Итак, композиция пушкинского романа – это противоречие автора с человеком в единстве я: живое противоречие, как мы говорили. Субъективное «я» человека переходит в объективность сознания автора, «жизнь» романа героев; но роман и герои – мои: в объективности сохраняется субъективная предпосылка, в авторе не угасает живой человек. В «Онегине» удивительный автор: в нем естественно и синкретно соединяются качества, какие в дальнейшем развитии русской повествовательной литературы уже, как правило, вытесняют друг друга. В повествовательной прозе растёт конфликт эпического автора и рассказчика: либо всезнающий автор присутствует идеально, безлично, либо потребность в мотивировке рассказа человеческим личным присутствием и свидетельством ведёт к замещению идеального автора реальным лицом рассказчика с неизбежно относительным и ограниченным «человеческим» кругозором. Если искать примеры, то, вероятно, Толстой тяготел к абсолютному автору, Тургенев – к рассказчику – «человеку» (близкому человеческой личности самого автора). Б. Эйхенбаум, исследуя раннего Толстого, показал, как Толстой находил постепенно «свою» позицию автора, как после «Набега» и «Рубки леса» с рассказчиком – действующим лицом, но сторонним наблюдателем и комментатором, в «Севастополе в мае» на место рассказчика явился автор и его голос, «голос уже не постороннего, а потустороннего существа»,[44] автор всезнающий и всевластный.

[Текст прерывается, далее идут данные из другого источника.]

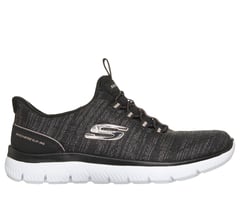 Skechers Slip-ins: Summits - Sparkline — BLACK / ROSE GOLD 1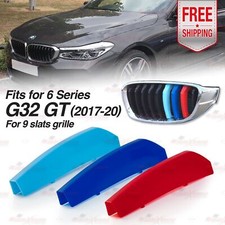 3-farbig 9 Leiste Kühlergrill Abdeckung M-Sport Clips für BMW GT G32 2017-2020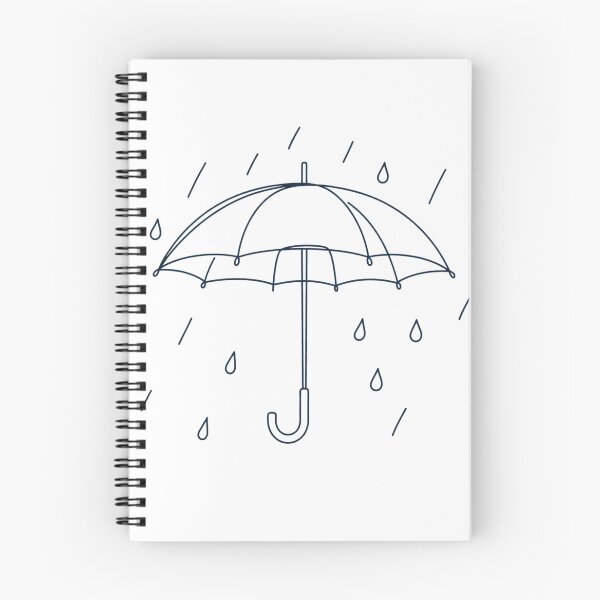 Item preview, Minimalist Umbrella Rain Line Art Design designed and sold by KRStyleClub.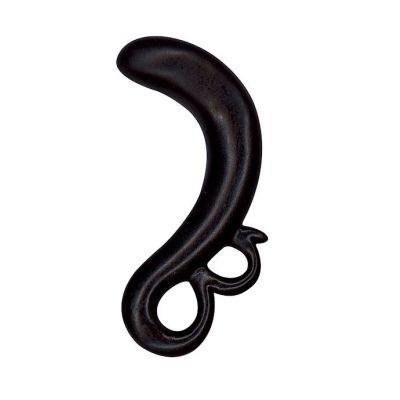 Pe Silicone Prostate Stimulator 2 Finger Holes Black 6 3 Inch
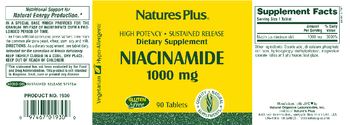 Nature's Plus Niacinamide 1000 mg - supplement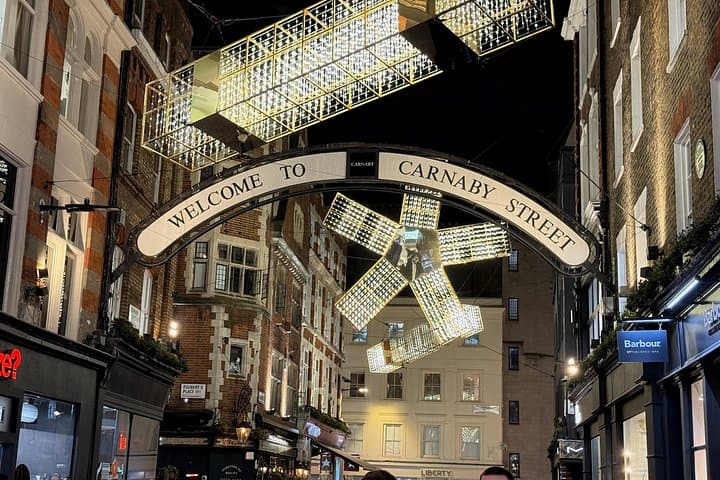 London Christmas Magic Lights Tour in German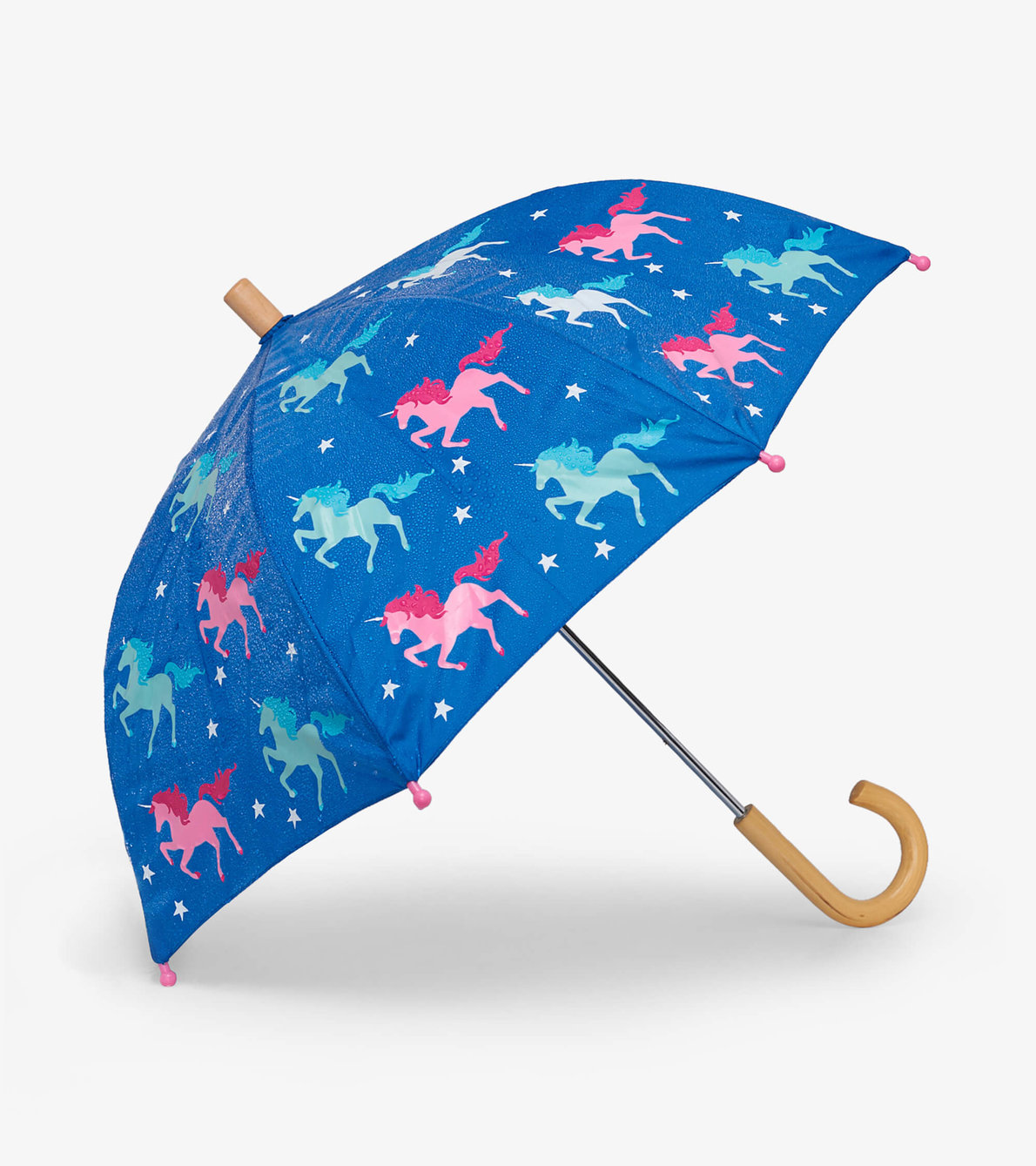 Agrandir l'image de Parapluie à couleur changeante – Licornes scintillantes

В «Онегине» подлинный, полноценный автор, сознание объективное, не замкнутое относительным «человеческим» кругозором. Это Пророк, в котором чудесно преобразованы человеческие способности:
Всё внял он, ни одного недоступного, тёмного уголка, по лестнице бытия от самого верха до самого низа, буквально от «А» до «Я»: теперь мы вспомним слово Белинского об «энциклопедии русской жизни», и мы почувствуем, сколь отвечает оно универсальной поэтической позиции Пушкина—автора. Также и Гоголь, чтобы сказать о Пушкине, обратился к понятию «лексикона».[45]
И внял я неба содроганье,
И горний ангелов полёт,
И гад морских подводный ход,
И дольней лозы прозябанье.
Но, по замечанию Г. Винокура, в энциклопедии «Евгения Онегина» все отделы подписаны одним именем. Идеальный автор присутствует не безлично, он не «потустороннее существо», как автор Толстого. Формы его присутствия – местоимения я и мой: Пророк с его сверхъестественным даром сохранил, однако, естественный грешный язык, и празднословный, и лукавый: «Роман требует болтовни», как наставлял Пушкин Бестужева, – но только роман в стихах осуществит это требование, не послепуш—кинский прозаический роман с эпическим автором. В «Онегине» настоящий всеведущий автор, однако всегда в себе сохраняющий человеческого рассказчика; но этому рассказчику не присуща предельность, ограниченность позднейших рассказчиков в прозе; рассказчик – и он же творец, демиург; но творец—профессионал, к творчеству своему относящийся как к честному ремеслу; Пророк, по слову Гоголя, «сам поэт», сама объективность, и вместе с тем эмпирический человек с биографией: противоречий очень много, но они не обособились пока, не разрушили органического живого единства. Живое противоречие я, живая и субъективная объективность повествования – «со всею свободою разговора или письма» – этого тоже хотел от романа Пушкин. После в литературе подобный автор уже невозможен – Пушкин «неповторим».